愛されオーラに包まれて
「実は弓削先生は、俺の大学時代の1年先輩でね、今回ここの教室をお借りしたりするのに力を貸して貰えたんだ」
『そう。健吾の悪いことをしていた頃も全部知ってます~』
「先輩、余計なことは言わないでくださいね」
『局長、今度聞かせてください』

花村が興味を示してしまった。

「いやだね。俺の"黒歴史"は闇に葬るから」
『ちぇ』

花村、お前は小学生か。

「弓削先生、お願いします」

俺は教壇を降りて、弓削先生が代わりに立った。

『俺が話すのは一つだけ。
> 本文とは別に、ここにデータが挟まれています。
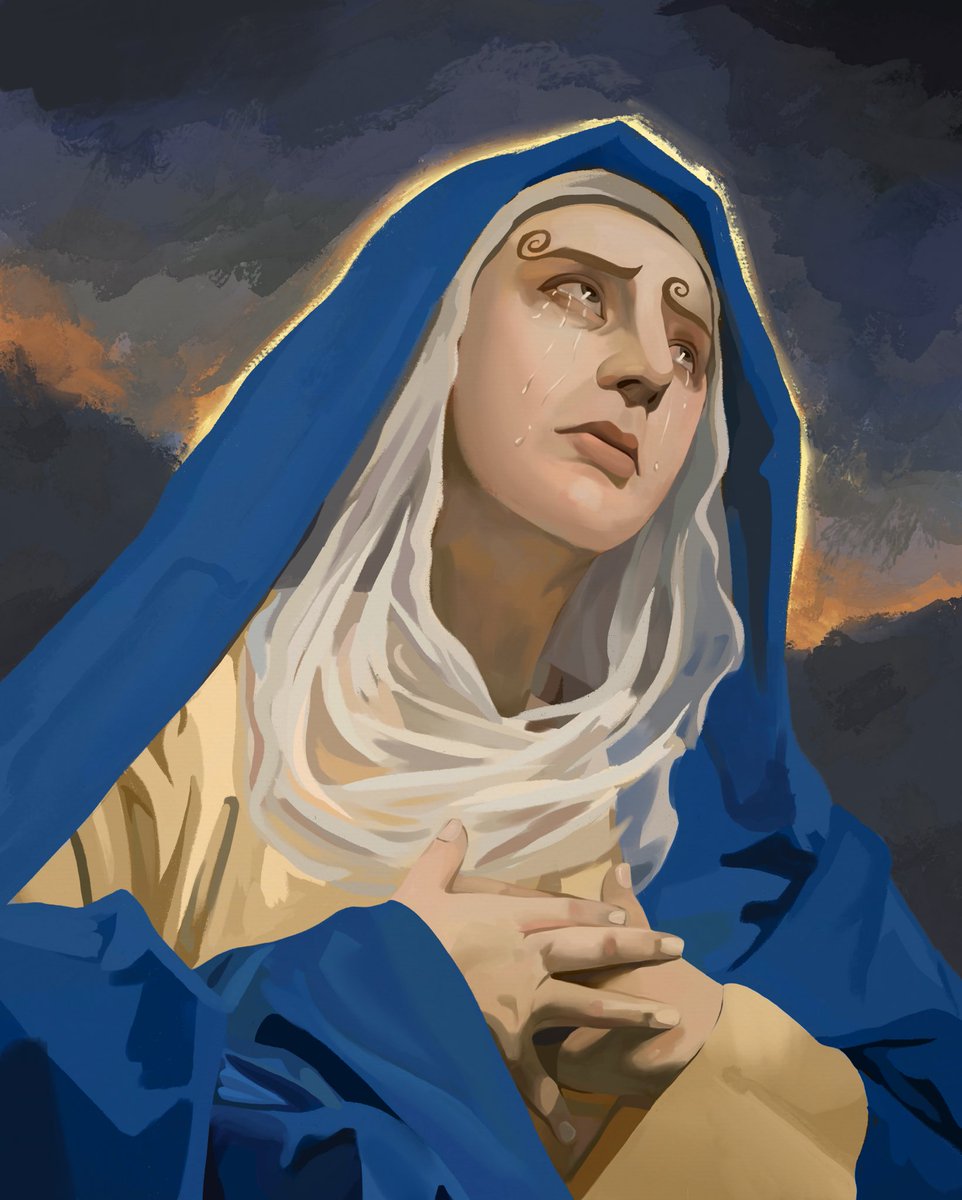 puppygirl sanji truther tweet media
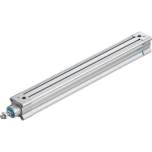 Festo 1376666. ISO cylinder DSBC-40-400-PPVA-N3
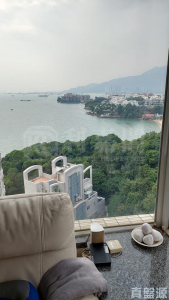 浪濤灣 6座 - 28NTS – 香港北部都會區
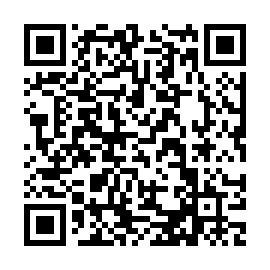 QR c3481e9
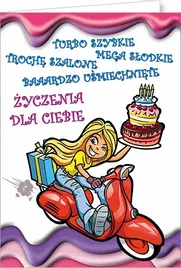 urodziny-young-11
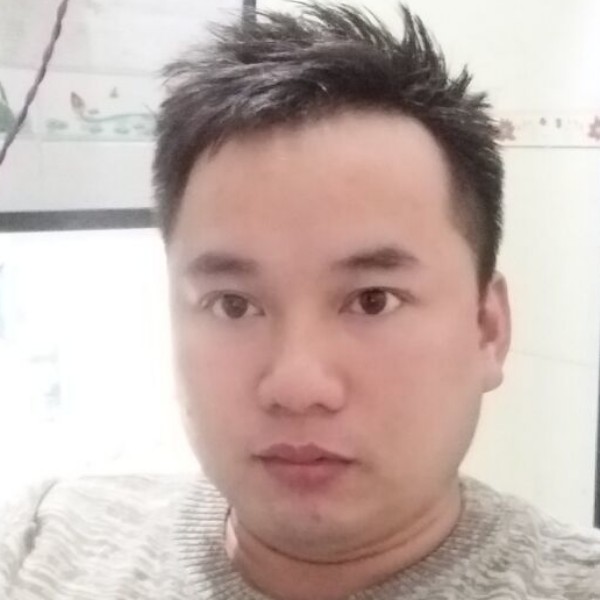 一个人何以为家？的照片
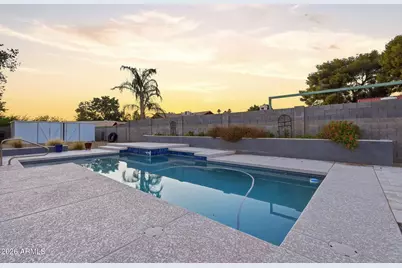 54 W Carver Road, Tempe, AZ 85284 - Photo 33
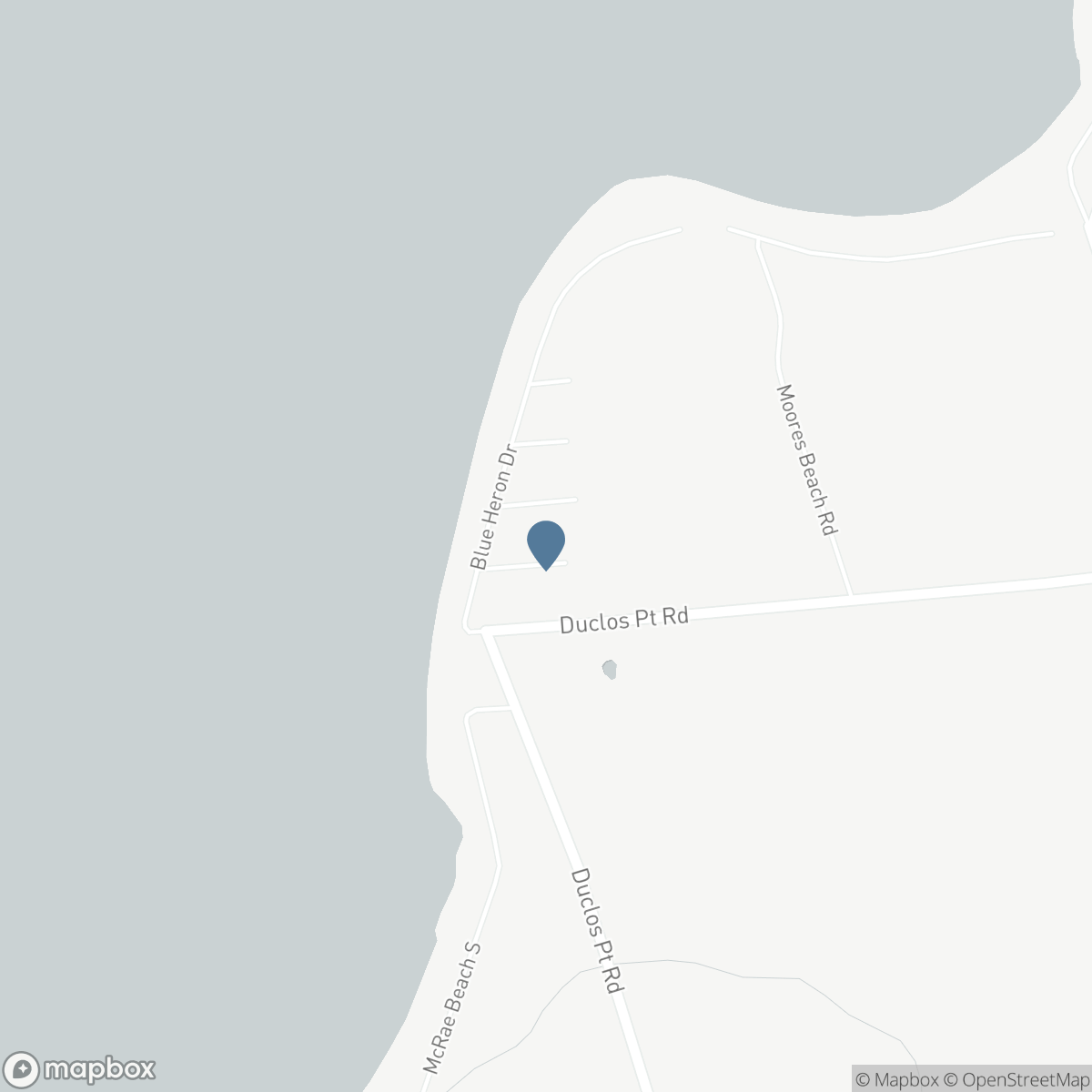 18 ASHWOOD AVENUE, Georgina, Ontario L0E 1N0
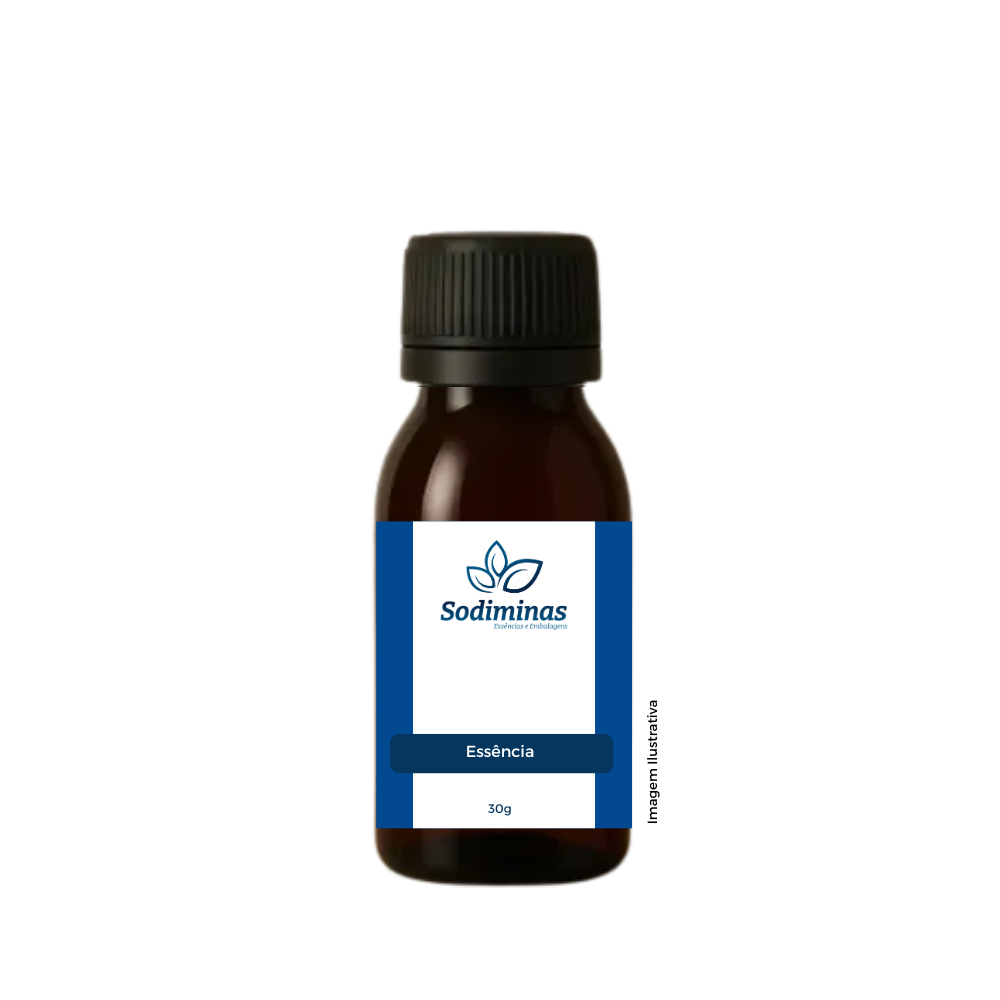 ESSENCIA PIMENTA ROSA 30ML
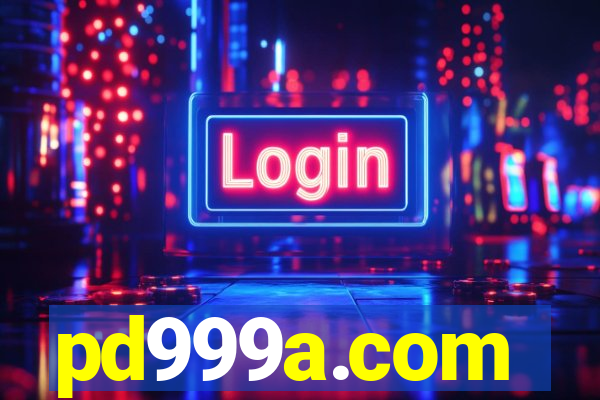 pd999a.com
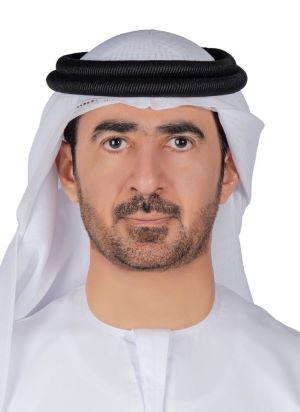 محاكم دبي ومعهد دبي القضائي يطلقان دبلوم التوجيه والإصلاح الأسري في دبي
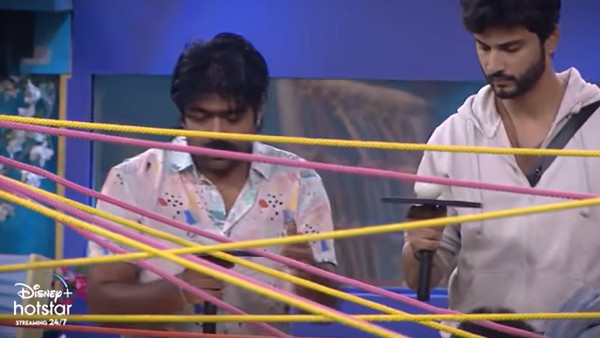 గుడ్డు జాగ్రత్త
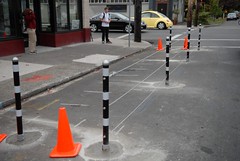 new on street bike parking -1.jpg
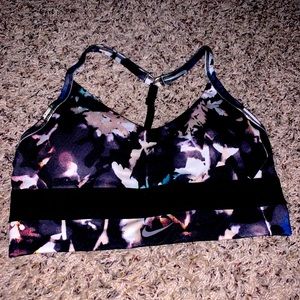 Nike Indy Sports Bra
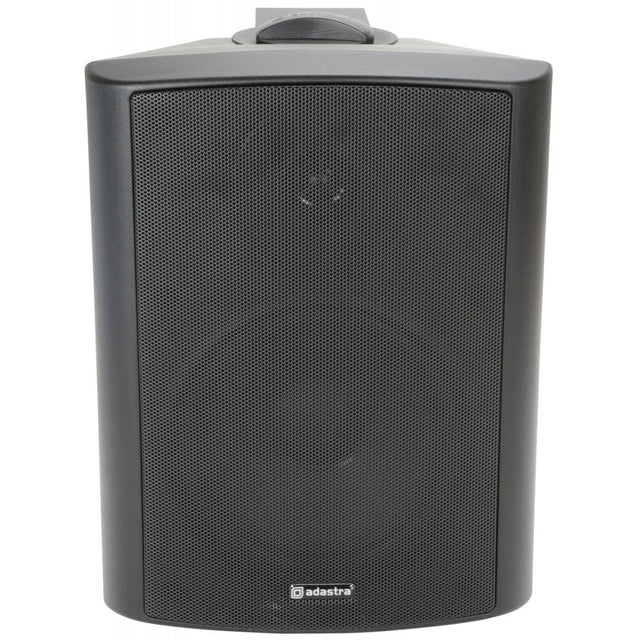Adastra 6.5" 100V Speaker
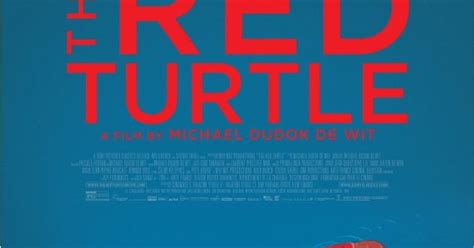 Image result for Blue Turtle Films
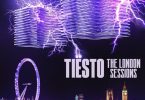 Download Tiesto Ft. Snoop Dog – On My California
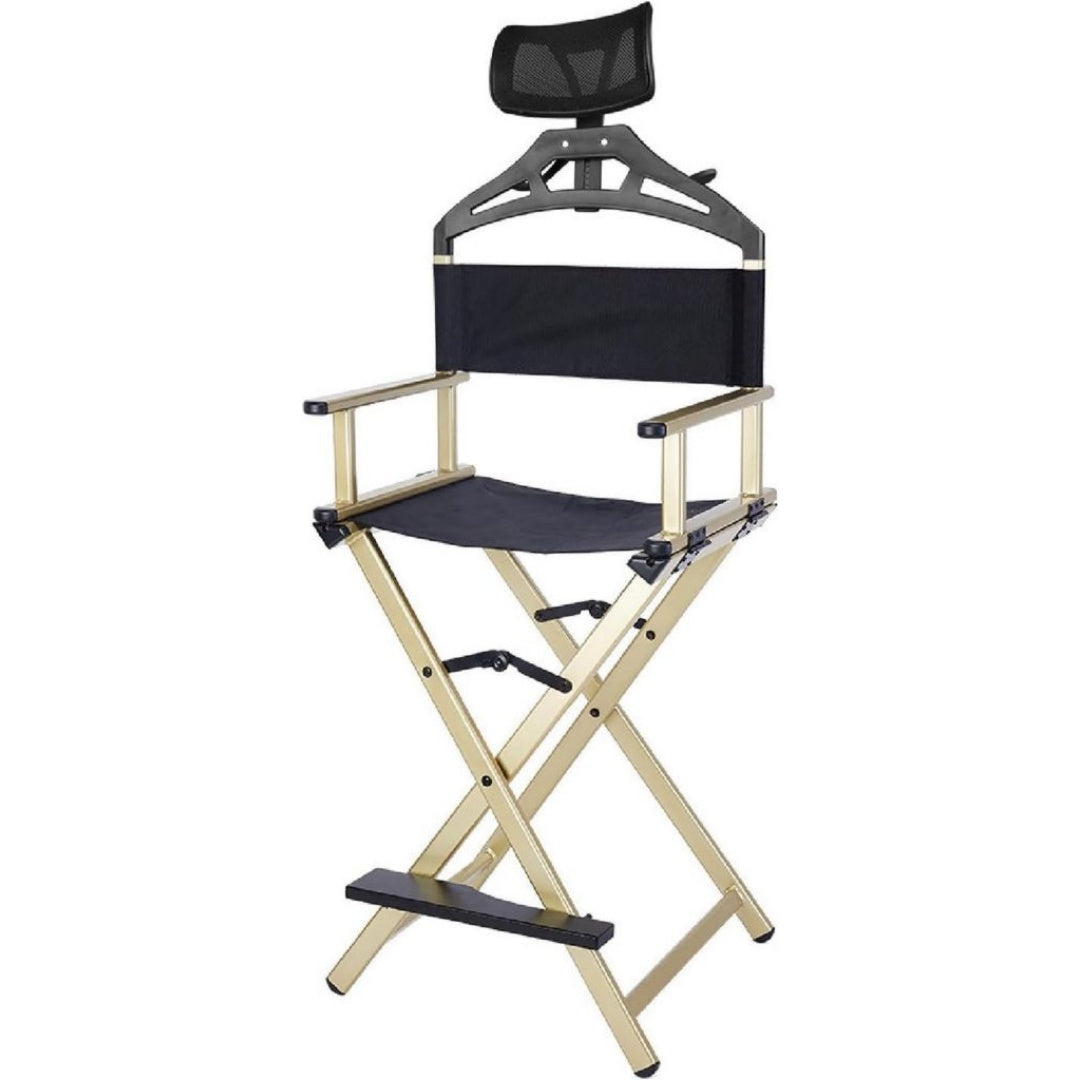 Rangement de dossiers structure metal noir variante 674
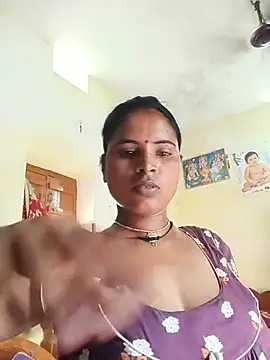 KRITIKA01990 webcam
県大会の出場選手選考の時の話だ』

弓削先生は、神戸の顔を見ながら話す。

『神戸は、直前に高松とのダブルスを外された揚句、選手選考からも漏れたことを、部活を休んでいたせいで、高松がそれを俺に進言せずに終わったことを恨んでいたようだけど、まずは、神戸が部活に休まず出でいようが休もうが、あの時は高松とのダブルスは小林に変更になっていたよ』

今度は高松を見る。

『高松と神戸のペアは、全くパワーバランスが合っていなかったんだ。息が合っていたという意味では、高松には小林が適任だった。現にベスト4まで行ったわけだし』

"あと"と間伐入れずに話を続ける。